- Data -
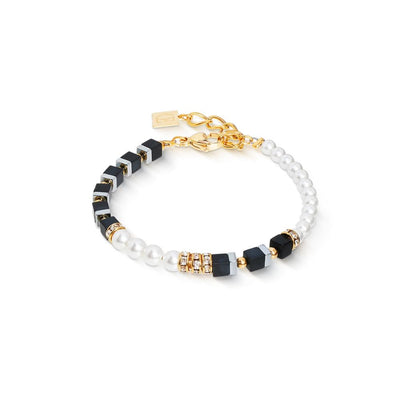 Pulsera Precious Offset Perla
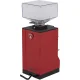 Eureka Mignon Silenzio 55 Coffee Grinder, Red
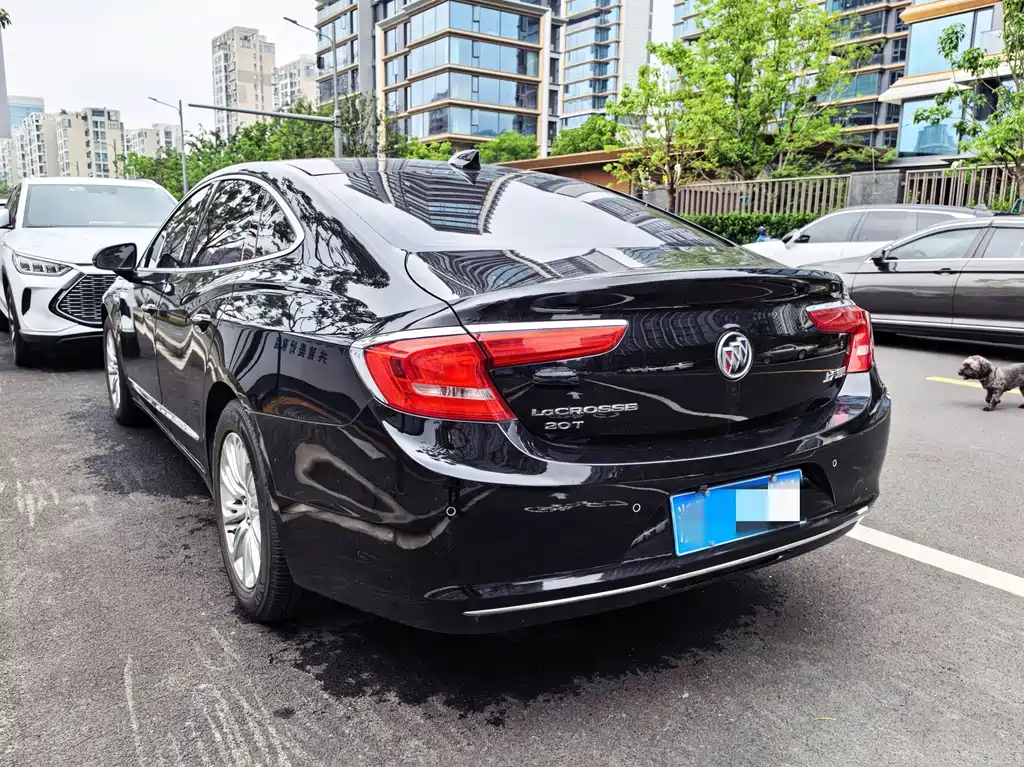 Buick LaCrosse 2018 20T Elite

- Problem requirements -
The response must repeat all the lines above exactly and include no pictures.

- Finished exercise -
 Pulsera Precious Offset Perla
 Eureka Mignon Silenzio 55 Coffee Grinder, Red
 Buick LaCrosse 2018 20T Elite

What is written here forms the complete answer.